Many people would argue that watching cozy murder mysteries is a mindless form of entertainment: an hour or so of clean cut whodunnit with minimal gore and a tight wrap-up. Those people have shortchanged the cozy mystery. Through extensive televisual research, I have come to realize that Jessica Fletcher, Hercule Poirot, and Rosemary & Thyme, just to name a few, have much to teach us about escaping murder. To save your life and your reputation, I have created a primer. I suggest you make a habit of heeding its precautions.
Portman Doe’s Primer for Not Being Murdered
1. When hunting, do not remove your orange safety vest even though it clashes with your heels.
2. Never wear someone else’s uniquely identifiable rain jacket on a dark night while walking down a deserted, rural road. Especially don’t wear the jacket if the owner of said jacket is hated by townsfolk.
3. You can, indeed, be murdered by drowning in a vat of pinot noir. However, in your case, accidental death is more likely.
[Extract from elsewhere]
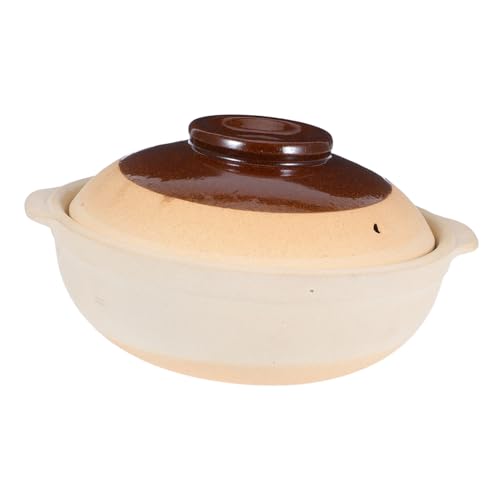 Beatifufu Olla de Cerámica Vintage con Mango Cacerola de Barro para Estofados y Arroz Retención de Calor Prolongada para Microondas y Vapor para Restaurantes y Cocinas Domésticas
4. Don’t spend time with people who seem like they might be able to shoot a pistol with their feet. In general, housewives, these people are circus performers so we shouldn’t be hanging around them anyway.
5. If someone owns a trained chimpanzee, then the chimp is likely trained to help commit or cover up a murder. Stay away from chimpanzees.
6. Strychnine is bitter. More bitter than radicchio. Less bitter than my mother-in-law.
7. Don’t get impregnated by the adulterous president of the country club. Next thing you won’t know, you’ll be found in a sand trap. The extreme exfoliation will wreak havoc on your skin, and you’ll look terrible in an open casket.
8. Inviting a murder-solving mystery writer/gardener/spinster/Belgian as a guest in your home is the first step to being murdered.